A proposta do CCB para o evento de 19 de Março de 2019, consegue ultrapassar qualquer expectativa que pudesse ter. Na verdade, Six Portraits of Pain de 2005 para violoncelo e orquestra, contém na sua origem um conjunto de seis textos curtos retirados de poemas ou excertos de livros de poetas, escritores e filósofos sobre os vários modos nos quais se manifesta a dor dos humanos: a dor existencial, a dor da perseguição política, enfim, o desencanto do mundo. Que desta obra musical se possa partir para uma outra artista, cineasta ilustre que admiro – Teresa Villaverde – realizar um terceiro nível de resposta artística – um filme mudo – para esta música constitui uma grande ideia e, para mim, uma enorme satisfação. A que mais pode aspirar um compositor para além de uma obra sua poder suscitar, provocar, originar uma outra criação?
Nesse sentido espero do filme de Teresa Villaverde certamente a sua leitura-imagem, a sua interpretação criativa dos dois níveis anteriores: os textos que escolhi para compor e a própria música que fui capaz de fazer.

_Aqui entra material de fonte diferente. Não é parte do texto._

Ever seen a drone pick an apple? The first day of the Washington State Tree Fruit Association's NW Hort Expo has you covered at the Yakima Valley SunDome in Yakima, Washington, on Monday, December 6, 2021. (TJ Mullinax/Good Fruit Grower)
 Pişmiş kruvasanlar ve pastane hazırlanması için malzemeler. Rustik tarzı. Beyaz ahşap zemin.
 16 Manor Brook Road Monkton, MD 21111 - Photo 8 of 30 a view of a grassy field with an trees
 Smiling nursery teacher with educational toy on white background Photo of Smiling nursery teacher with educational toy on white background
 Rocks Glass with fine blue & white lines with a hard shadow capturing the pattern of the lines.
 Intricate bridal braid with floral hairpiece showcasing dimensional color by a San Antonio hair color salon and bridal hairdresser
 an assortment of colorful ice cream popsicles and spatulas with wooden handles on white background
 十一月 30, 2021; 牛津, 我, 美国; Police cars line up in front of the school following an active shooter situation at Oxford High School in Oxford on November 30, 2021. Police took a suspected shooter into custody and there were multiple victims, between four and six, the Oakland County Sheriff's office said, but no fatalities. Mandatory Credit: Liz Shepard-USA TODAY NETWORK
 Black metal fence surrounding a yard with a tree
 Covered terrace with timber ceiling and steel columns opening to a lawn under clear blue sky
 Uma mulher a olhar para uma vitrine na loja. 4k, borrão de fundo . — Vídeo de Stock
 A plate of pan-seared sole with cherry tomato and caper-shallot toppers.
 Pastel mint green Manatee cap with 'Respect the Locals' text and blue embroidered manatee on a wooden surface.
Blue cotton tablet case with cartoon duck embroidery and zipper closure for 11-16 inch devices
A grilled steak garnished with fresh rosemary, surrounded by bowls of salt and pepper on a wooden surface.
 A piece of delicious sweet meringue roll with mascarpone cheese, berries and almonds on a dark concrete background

Na primeira parte deste momento muito invulgar será estreada uma encomenda do CCB para esse fim. As obras reclamam os seus títulos. O que escolhi para esta obra é igualmente pouco habitual neste nosso tempo: Sinfonia (subjetiva). Sinfonias contam-se por milhares na história; subjectivas são todas as obras de arte enquanto resultado da acção de um sujeito, enquanto produtos do trabalho humano dos artistas de todas as artes. Nós, precisamos de metáforas no nosso trabalho, quer seja um verso de um poeta, um conceito genérico e abstracto como, por exemplo, violência, amor ou ironia, quer seja ainda uma ideia vaga de uma história, de uma narrativa. A música dita pura (sem palavras) tem a tarefa imensa de produzir algo de significante enquanto tal. É a nossa tarefa e desafio de cada vez. Sejam quais forem os pontos de partida, as metáforas, as narrativas ou outros pretextos, a responsabilidade final é apenas do seu autor, do compositor tal como dos artistas em geral. Na música acrescentam-se os músicos, os intérpretes que lhe dão a realidade sonora que constitui o seu ser essencial. As metáforas em si mesmas continuam a existir, indiferentes à obra, passíveis de novos usos criativos no futuro e substituem-se ou complementam as antigas musas ou os deuses ausentes. A música tem de se realizar em obra enquanto música. Heidegger passa muitas páginas a tentar demonstrar com a sua persistência circular que antes de ser obra, uma obra de arte é uma coisa. Estamos tão habituados à expressão ‘obra de arte’, seja qual for o seu meio de expressão específico, que podemos muito bem esquecer essa carácter primordial e milenar: ‘coisas’ resultantes do trabalho humano na sua ânsia de tratar, de trabalhar, de enfrentar na obra, os seus medos, anseios, desejos, enfim, o seu desejo último de expressão, de dar uma razão de ser secreta à sua vida. Nesta ambivalência sempre presente reside tanto o lado mais maravilhoso como o mais duro. No longo tempo do fazer das obras ‘os criadores’ – um termo que por si só exprime o inalcançável divino perfeito que paira por cima – fazem sempre o melhor que podem e quando acontece uma emoção estética somos obrigados a celebrar: a obra conseguiu existir e interpelar. Interpelar é o seu máximo objetivo. Neste concerto haverá uma pluralidade de patamares de expressão e certamente múltiplas interpelações aos vários e infinitos outros.